_Work request:_ From the entries below, output the line with "エントランス (エントランス)" and each following line up to and including the line with "Черный Шкода Октавия, объемом", exactly as written.

Top of Working data

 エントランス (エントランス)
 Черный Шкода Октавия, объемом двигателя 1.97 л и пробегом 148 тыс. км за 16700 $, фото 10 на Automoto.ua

Bottom of Working data
Top of Working data

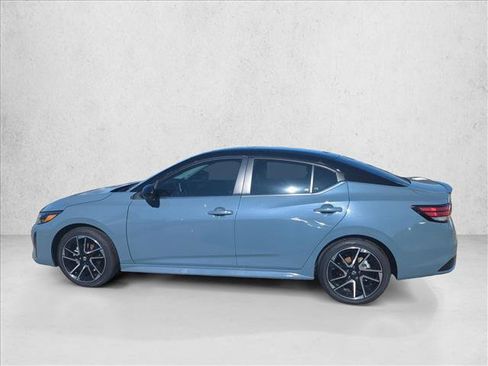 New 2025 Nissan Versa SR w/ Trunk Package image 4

Bottom of Working data

_Exercise response:_
 エントランス (エントランス)
 Черный Шкода Октавия, объемом двигателя 1.97 л и пробегом 148 тыс. км за 16700 $, фото 10 на Automoto.ua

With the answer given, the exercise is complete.